Suppose we are shuffling that same 26-element block. We need 26 pseudo-random
values, each of which selects one of the 26 possible block elements; there are
26^26 such sequences, about 6 x 10^36 of them. But there are only 26!
enciphering permutations (about 4 x 10^26), so about 1.5 x 10^10 (15 billion)
different sequences will create each permutation. So, even if the correct
permutation is somehow known, finding the particular pseudo-random sequence
which created it should be exceedingly difficult.
A DYNAMIC TRANSPOSITION CIPHER
Consider a byte-shuffling block cipher: The plaintext will be collected into
a block, then a controller will walk through the block, byte-by-byte, exchanging
each byte with "partner" bytes selected by a random number generator. For
cryptographic purposes it may be reasonable to generalize the shuffle process:
For example, it is unnecessary to visit bytes in sequential order, nor need the
shuffling stop after exactly one pass [15], as long
as the deciphering system follows similar rules.
Letter (byte) frequency statistics are obviously unchanged by the shuffling
process. But the frequency distribution statistics do not seem to aid
deciphering nearly as much as they would on a simple substitution cipher. Block
transposition ciphertext might be compared to a set of alphabet tiles: A
particular message can be built from those characters, but once they go back
into the storage box, how can anyone decide what particular message they once
represented? Indeed, unordered letters on their own cannot represent
any one particular message; instead, they stand for all the
possible messages which can be made from them.
Actually, since the message is expected to be a correct grammatical example,
with correctly-spelled words, on an expected subject, which exactly covers the
ciphertext letters, cryptanalysis may not actually be impossible. The normal
cryptanalytic technique for transposition ciphers consists of obtaining two
messages of the same length, both of which are presumably permuted in the same
way. By anagramming both messages in the same way, the correct permutation is
found when both messages read clearly [14, pp.
225-226]. Some assistance is available in the form of letter digram and trigram
counts, which can support a particular inverse transposition by indicating the
presence of statistical plaintext [13, p. 402].
But dynamic transposition need not generate any similar permutations, even for
consecutive blocks of similar size.
Because a character or byte transposition combiner can provide good
performance only when given a block containing different values, it could be
useful to place a Vernam system (an exclusive-OR operation with a pseudo-random
stream) before the transposition data input.
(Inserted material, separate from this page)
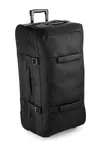 Escape Check-In Wheelie Black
In this way the plaintext data
could be "randomized," and thus need "never" produce a stream of identical
values which would compromise the strength of the transposition encipherment.
DECIPHERING DYNAMIC TRANSPOSITION
B&P 85 [2, pp. 93-96]
describes a multi-step process of explicitly defining the permutation, finding
the inverse, and then un-permuting the block according to the inverse
permutation. It may be surprising that there is an easier way.
The shuffling process destroys no data; elements are just repositioned. The
values involved in any particular exchange could easily be replaced, simply by
exchanging them again, if those values had not been moved by later processing.
So the last pair exchanged can be exchanged back into their previous positions.
Once that pair has been replaced, the next previous pair can be undone, and so
on. Thus, to decipher the shuffled data, the exact same element pairs need only
be exchanged in reverse order.
During enciphering, the exchange pair is generally selected by a counter or
other process, and a pseudo-random value. It is easy enough to run a counter in
reverse, or the desired number of values could be collected in a buffer, and
then simply accessed in reverse sequence; the pseudo-random sequence can be
"reversed" in the same way. This provides all the information needed for
deciphering. (In practice, very long sequences can be accommodated by writing
filled buffers to a disk file; the file- stored buffers can easily be recovered
for use in reverse order.)
BIT-LEVEL DYNAMIC TRANSPOSITION
In the same way that letters or bytes can be shuffled, individual bits [2, p. 93] can
also be shuffled. In this way the elements of any particular character or byte
might be spread throughout the ciphertext. Since any particular bit looks
remarkably like any other, how is a cryptanalyst to select those bits which
belong to any particular plaintext byte? Of course, the cryptanalyst does not
have to find the particular bits corresponding to a particular byte,
since any bit of a given value is exactly the same as any other. But this also
means that there can be no way to tell which bits belong together.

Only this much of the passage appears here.